The Sweeney, in which he co-starred with the late John Thaw, was a no-holds-barred action series based in London about two officers in Scotland Yard’s Flying Squad (known as the ‘Sweeney Todd’ in rhyming slang). Dennis Waterman played the part of Detective Sergeant George Carter while John Thaw played Carter’s guv’nor, Detective Inspector Jack Regan. In its quest to achieve gritty realism, the programme’s action sequences, tough dialogue, car chases and violence — on both sides of the law — set a new standard in British police shows. There were regular complaints from the police about its portrayal of police brutality but the public could not get enough of the programme or its two stars.

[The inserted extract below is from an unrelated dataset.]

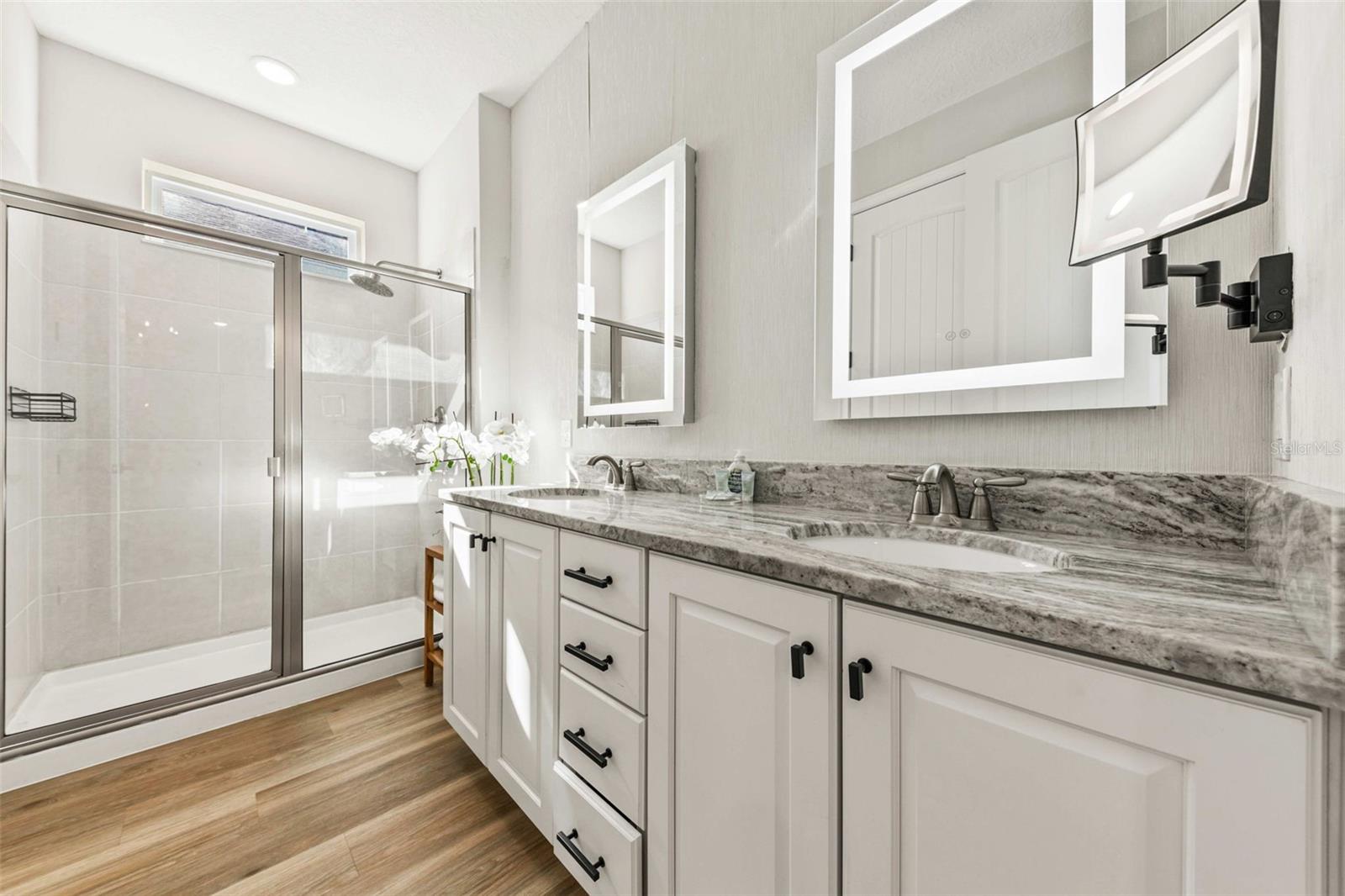 Image 6 of 50 For 389 Southfield Street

When The Sweeney finished its run in 1978, its production company began to look for another role for Dennis Waterman. The company, Euston Films, headed by George Taylor and Lloyd Shirley, had been set up six years earlier as a subsidiary of Thames Television to specialise in the production of television drama on film. Before making The Sweeney, Euston’s major output had been the 1973 series Special Branch starring George Sewell and Patrick Mower, and a six-part series under the general title Armchair Cinema. One of the episodes, Regan, written by Ian Kennedy Martin and directed by Tom Clegg, was the pilot of The Sweeney.

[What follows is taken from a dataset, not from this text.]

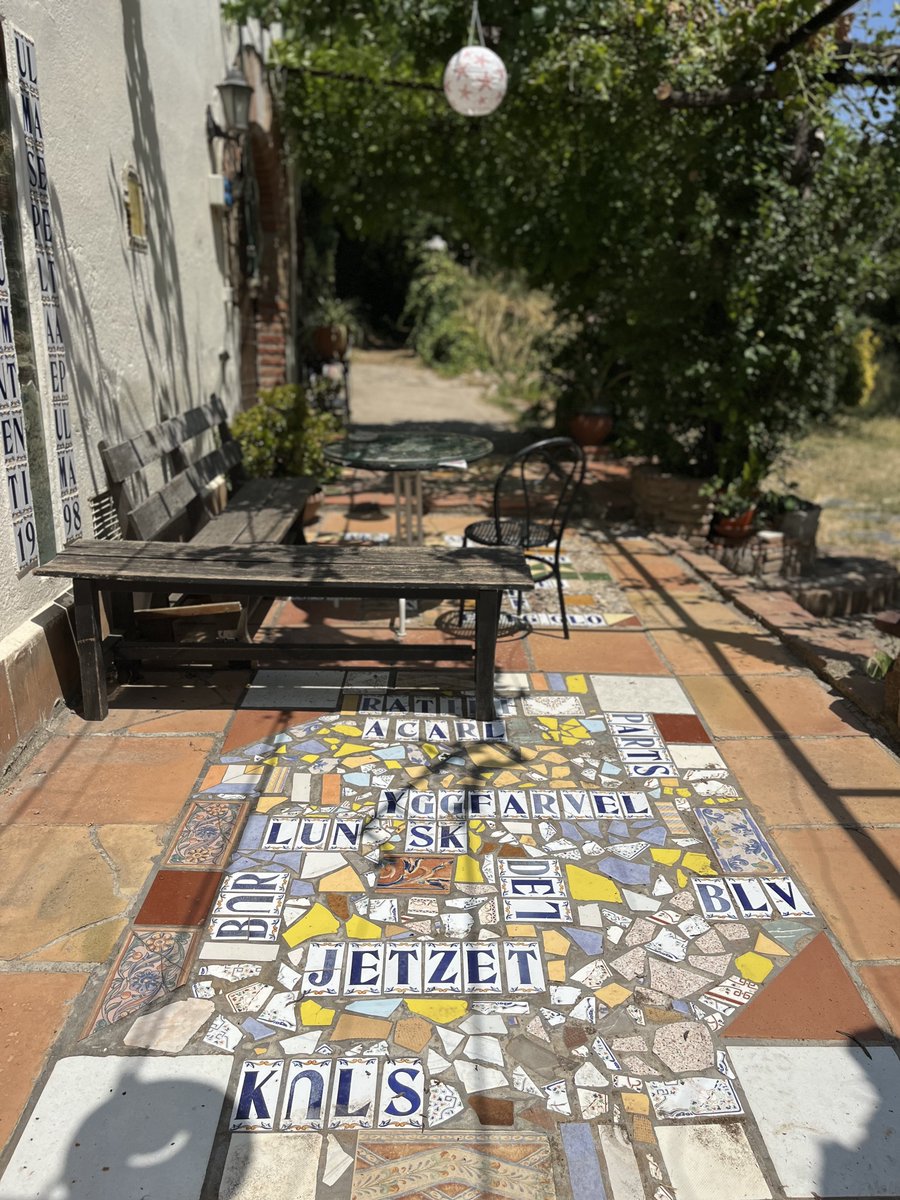 Sarah Roth tweet media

The successor to The Sweeney came in the form of a film script called Minder penned two years earlier by veteran television writer Leon Griffiths about an East End crime boss and his bodyguard.
As Terry McCann in Minder, Waterman played a young man with two prison terms under his belt, one for grievous bodily harm and the other for attempted robbery. At least one of these was for a crime that his boss was involved in but escaped prosecution. At one time McCann had had a promising career ahead of him as a professional boxer but lost his licence after a rigged bout in which he took a fall that was too obvious. According to his boss, Arthur Daley, he should have been nicked for overacting.
The character he took on in Minder, as the tough, streetwise but put-upon and naïve underdog, had many similarities to his role as Sergeant Carter in The Sweeney, the sidekick of the powerful Inspector Regan.
Born in Sheffield in 1928, Leon Griffiths (named after Leon Trotsky by his staunchly communist mother) had a tough upbringing in Glasgow where he developed a hankering to be a writer. After leaving school he obtained a job as an assistant director in a small film company. He left the company to perform his National Service and found himself working with the British Forces Network in Germany alongside fledgling broadcaster Cliff Michelmore. By the time he had completed his National Service the film company he worked for previously had gone bankrupt. To pay the bills he took up a writing post with the communist Daily Worker newspaper in the 1950s and eventually became its drama critic. He relinquished this position, and indeed his communist ties, following the invasion of Budapest by Russian tanks in 1956 and struggled to make a career on Fleet Street.
Griffiths got into television script-writing almost by accident following a chance offer to write some episodes of the independently produced The Adventures of Robin Hood series from 1955—59 starring Richard Greene. Griffiths was not the only one outside of the political mainstream to work on the Robin Hood series. Executive producer Hannah Weinstein also used the talents of several blacklisted American writers (usually working under pseudonyms) who had taken refuge from Senator Joseph McCarthy’s notorious communist witch-hunt back home.
In script-writing, Griffiths found a vocation and branched out into writing television plays and film scripts, often in the crime thriller genre and incorporating the undercurrent of dark humour, incisive wit and cleverly crafted dialogue that became his forte.
He wrote prolifically for television, ranging from three episodes of the 1959—60 ITV series The Four Just Men, based on the stories by Edgar Wallace, to Yorkshire Television’s 1979—80 series The Racing Game. He was at home in the sleazy aspects of his plots, from horse-race fixing in The Racing Game to his 1978 BBC-1 Play for Today episode Dinner at the Sporting Club involving rigged boxing contests — a topic he would revisit a few years later in a Minder episode.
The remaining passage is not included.